(INFORMATION Opens)
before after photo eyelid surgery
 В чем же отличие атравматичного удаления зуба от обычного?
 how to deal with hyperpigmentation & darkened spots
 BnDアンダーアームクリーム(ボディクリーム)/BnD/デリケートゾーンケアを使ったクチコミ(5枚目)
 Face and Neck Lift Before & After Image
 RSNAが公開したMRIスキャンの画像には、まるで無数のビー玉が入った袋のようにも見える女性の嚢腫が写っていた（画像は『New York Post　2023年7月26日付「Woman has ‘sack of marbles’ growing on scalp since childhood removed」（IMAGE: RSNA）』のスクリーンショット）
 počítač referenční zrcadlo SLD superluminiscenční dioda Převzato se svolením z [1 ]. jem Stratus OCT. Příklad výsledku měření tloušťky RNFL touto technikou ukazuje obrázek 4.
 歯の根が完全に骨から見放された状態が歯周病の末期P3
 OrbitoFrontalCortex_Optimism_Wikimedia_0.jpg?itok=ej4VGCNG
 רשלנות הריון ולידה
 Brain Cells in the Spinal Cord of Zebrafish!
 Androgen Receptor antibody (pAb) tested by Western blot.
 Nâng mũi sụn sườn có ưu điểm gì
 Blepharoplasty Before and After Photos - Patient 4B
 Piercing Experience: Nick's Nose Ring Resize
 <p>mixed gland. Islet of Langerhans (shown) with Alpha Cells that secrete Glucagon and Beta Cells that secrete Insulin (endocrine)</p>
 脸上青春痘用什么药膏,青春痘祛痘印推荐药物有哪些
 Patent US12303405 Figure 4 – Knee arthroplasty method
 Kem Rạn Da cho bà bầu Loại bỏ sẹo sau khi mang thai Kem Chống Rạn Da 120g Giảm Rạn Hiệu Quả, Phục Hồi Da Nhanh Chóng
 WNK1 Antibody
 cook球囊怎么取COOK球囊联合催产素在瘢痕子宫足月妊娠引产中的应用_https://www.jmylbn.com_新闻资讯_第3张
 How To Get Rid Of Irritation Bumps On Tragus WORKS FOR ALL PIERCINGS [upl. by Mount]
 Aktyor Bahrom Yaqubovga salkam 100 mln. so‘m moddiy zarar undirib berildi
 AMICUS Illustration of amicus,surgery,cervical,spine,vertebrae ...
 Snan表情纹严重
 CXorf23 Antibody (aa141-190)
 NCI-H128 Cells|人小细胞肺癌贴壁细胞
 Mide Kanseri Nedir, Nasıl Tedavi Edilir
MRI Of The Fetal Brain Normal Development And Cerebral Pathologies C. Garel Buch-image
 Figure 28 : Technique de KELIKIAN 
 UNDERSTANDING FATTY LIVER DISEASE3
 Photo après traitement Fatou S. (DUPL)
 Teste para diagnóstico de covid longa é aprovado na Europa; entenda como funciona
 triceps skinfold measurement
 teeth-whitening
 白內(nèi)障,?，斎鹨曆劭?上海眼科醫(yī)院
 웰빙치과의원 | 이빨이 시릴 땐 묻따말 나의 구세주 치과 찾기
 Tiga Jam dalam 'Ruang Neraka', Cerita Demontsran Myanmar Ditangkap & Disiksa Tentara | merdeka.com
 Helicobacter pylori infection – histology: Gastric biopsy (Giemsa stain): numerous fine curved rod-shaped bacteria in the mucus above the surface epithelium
(INFORMATION Closes)
• [YOUR ASSIGNMENT]
Starting at the first line of the listing, retype every line up to and including the one with "childhood removed」（IMAGE: RSNA）』のスクリーンショット）".

• [RESPONSE BOX]
before after photo eyelid surgery
 В чем же отличие атравматичного удаления зуба от обычного?
 how to deal with hyperpigmentation & darkened spots
 BnDアンダーアームクリーム(ボディクリーム)/BnD/デリケートゾーンケアを使ったクチコミ(5枚目)
 Face and Neck Lift Before & After Image
 RSNAが公開したMRIスキャンの画像には、まるで無数のビー玉が入った袋のようにも見える女性の嚢腫が写っていた（画像は『New York Post　2023年7月26日付「Woman has ‘sack of marbles’ growing on scalp since childhood removed」（IMAGE: RSNA）』のスクリーンショット）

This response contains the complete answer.